An arbitral award made in Taiwan, based on the laws of Taiwan, will have the same effect as a final court judgment and can thus be enforced by the court.

Although Taiwan cannot be a member of the Convention on the Recognition and Enforcement of Foreign Arbitral Awards 1958 (the “New York Convention”), owing to international political factors, many foreign arbitral awards have been successfully enforced in Taiwan in the past. The holder of arbitral awards rendered by a foreign arbitration tribunal must apply for the Taiwan court’s recognition and enforcement order first. Once the holder obtains the final order, the foreign arbitral award will be enforced by the Taiwan court. In the process of granting the recognition and enforcement order, the Taiwan court will not review the merits of the case. It will only examine whether there are limited statutory defects from a procedural viewpoint.

The parties may choose to initiate a court mediation before or after the case is pending in Taiwan.
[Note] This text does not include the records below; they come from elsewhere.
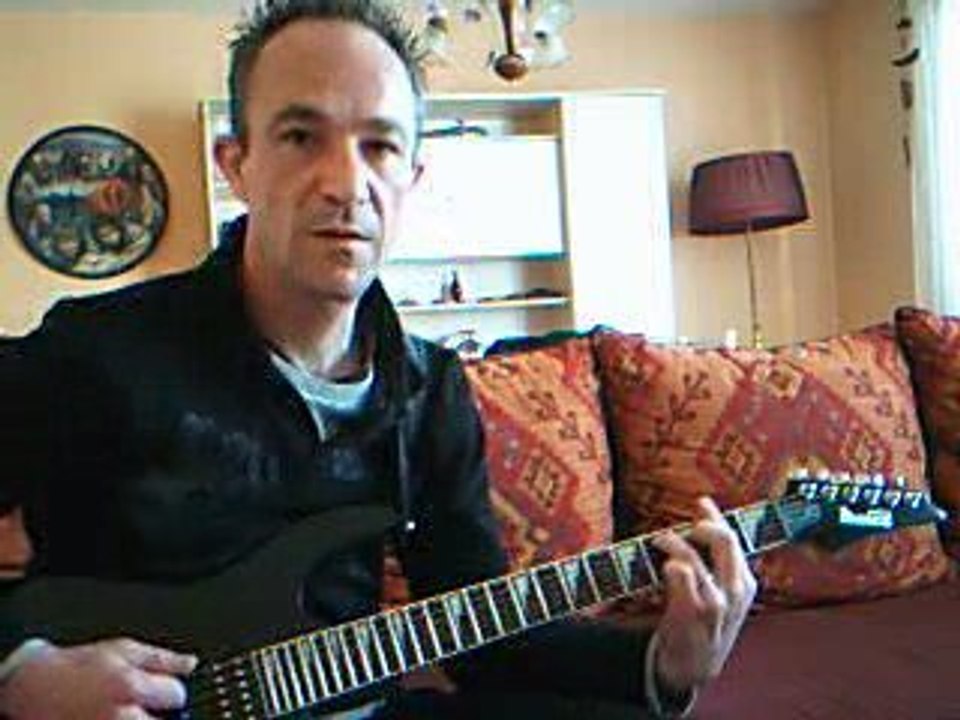 Henri Salvador  Jardin d'hiver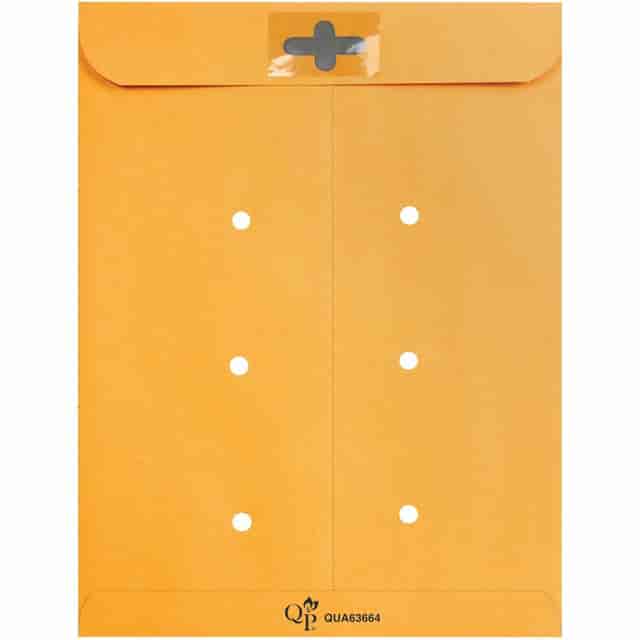 QUA63664 Product Image 2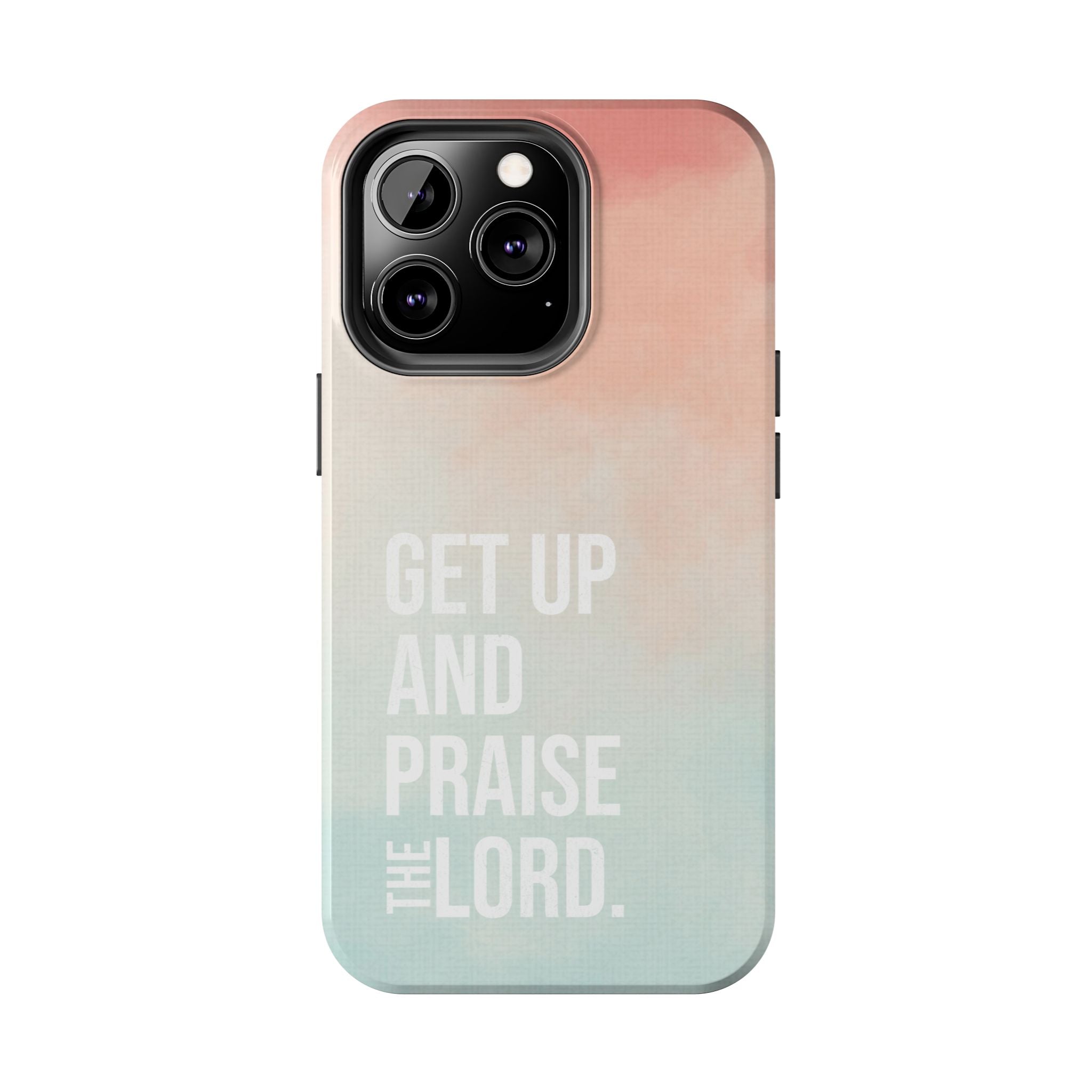Phone Cases - Salt and Honey Clothing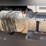 2007-freightliner-m2-106-image-10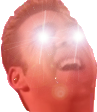 4 1png — Gucio emotki option 103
The court mediation is conducted by a judge (ie, as a mediator); therefore, if an agreement is successfully reached, such agreement has the same legal effect as a final judgment and the parties will be bound by it. On the other hand, if no agreement can be reached through court mediation, the application for a court mediation will be deemed as the initiation of a civil lawsuit.

The Chinese Arbitration Association, Taipei (CAA) also provides a mediation mechanism. By law, a successful mediation agreement can have the same effect as a court judgment and can be enforced.

The aforementioned principles apply to consumer contracts, reinsurance contracts and commercial contracts.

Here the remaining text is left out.